I now use my Xperia Z2 occasionally with the 'sort of matching' PS3 keyboard and my partner uses his Z4 with the matching keyboard as a mini-laptop - he does a lot of typing on the train.
I've been using my trust asus 1050 , but upgraded it to Win7/SSD and now win10.
I think my next PC will be a Win10, but 12" screen combo.
It really depends on what applications you want to use and that determines the platform.
These 'fragile things' are considerably more robust than any laptop I've ever had.
Solid state, and incredibly light. If I had to take chances as to which one would survive a drop down the stairs my latitude or my Linx 10 I know which I would pick and it wouldn't be the latitude! Of course when it's gone it's gone but lets face it most businesses that don't have an IT department probably already bin their laptops when they break now a days.... and in theory everything is now backed up to the cloud right...(?!)
Many businesses I know already kit their staff out with tablets of various sorts and something like a cheapo HP laptop. I can't see why they'd want to keep doing that and not distribute one device - especially when cheap laptops really are shockingly bad and many of these hybrid tablets are so good.
I had to check Urban Dictionary to find out whether 'schizz' was good or bad.

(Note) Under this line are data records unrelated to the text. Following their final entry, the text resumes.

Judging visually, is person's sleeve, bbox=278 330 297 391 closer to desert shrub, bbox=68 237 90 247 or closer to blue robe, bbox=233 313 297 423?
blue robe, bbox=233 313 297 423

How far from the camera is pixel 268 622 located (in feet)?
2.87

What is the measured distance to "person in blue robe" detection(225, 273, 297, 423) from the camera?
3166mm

I have a T100TA. It runs 8.1 and is unpleasant to use for many reasons. I somehow doubt 10 will be a lot better, but it's hard to tell whether to stay on 8.1 or not. Changing to 10 isn't trivial as it requires more disc space than the machine has, so it gets halfway and then gets stuck - and then there's the whole remaining nightmare of W10 as described elsewhere.

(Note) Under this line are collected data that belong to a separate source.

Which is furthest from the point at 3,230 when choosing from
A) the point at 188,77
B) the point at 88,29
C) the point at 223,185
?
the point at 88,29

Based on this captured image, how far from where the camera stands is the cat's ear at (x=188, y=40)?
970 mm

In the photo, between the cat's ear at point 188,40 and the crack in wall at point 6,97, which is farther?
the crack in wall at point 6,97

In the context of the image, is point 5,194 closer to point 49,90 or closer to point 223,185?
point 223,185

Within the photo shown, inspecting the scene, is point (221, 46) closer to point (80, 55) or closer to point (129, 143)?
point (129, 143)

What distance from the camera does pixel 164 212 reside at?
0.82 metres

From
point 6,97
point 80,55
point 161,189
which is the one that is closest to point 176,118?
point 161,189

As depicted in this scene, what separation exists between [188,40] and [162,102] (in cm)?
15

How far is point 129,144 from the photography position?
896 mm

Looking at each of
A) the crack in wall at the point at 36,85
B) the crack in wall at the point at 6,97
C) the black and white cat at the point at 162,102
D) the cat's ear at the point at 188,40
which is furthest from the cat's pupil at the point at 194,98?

Please don't suggest I put Linux on it. I'd very much like to, but it doesn't seem to be really available without a fair bit of work. It's less trouble just to buy a better machine (which is why the T100TA sits on the shelf and I use a Lenovo).
I've got Win10 on a desktop and on a Surface 3 Pro. I've contemplated moving to Mint but reviews say the music software I use - Reaper, Riffmaster, Guitar Pro, et al - has unacceptable latency problems when used in a Windows emulator.

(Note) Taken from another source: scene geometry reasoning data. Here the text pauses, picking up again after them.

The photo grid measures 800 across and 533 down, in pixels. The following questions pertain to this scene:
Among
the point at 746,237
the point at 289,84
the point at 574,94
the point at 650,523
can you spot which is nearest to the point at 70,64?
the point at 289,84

On the desktop I find Win10 excellent. It's much faster at tasks that I'm used to taking an appreciable time on earlier Windows - 8.1, 7, 95, 3.11. The desktop's always switched on and updates occur without my seeing them.
I don't use the Surface every day and far too often when I do it takes a frustratingly long time to get going. And if there is a way of leaving it switched on and waiting to gobble up any update Redmond throws at it I've not found it.
The idea of the Surface, much criticised by commentards here, is sound. It's light to carry around, the clip-on keyboard works and its connection shows no sign of anything that could be described as wear, the keyboard's 90% as good as a real one, there's room for the software you need to take around with you and the new dock is great. Stripped of the keyboard the Surface is better than the phone I'm using at the moment for tasks like combining consumption of a decent bottle of wine and writing to El Reg. If only it could eat up its updates without troubling me!!!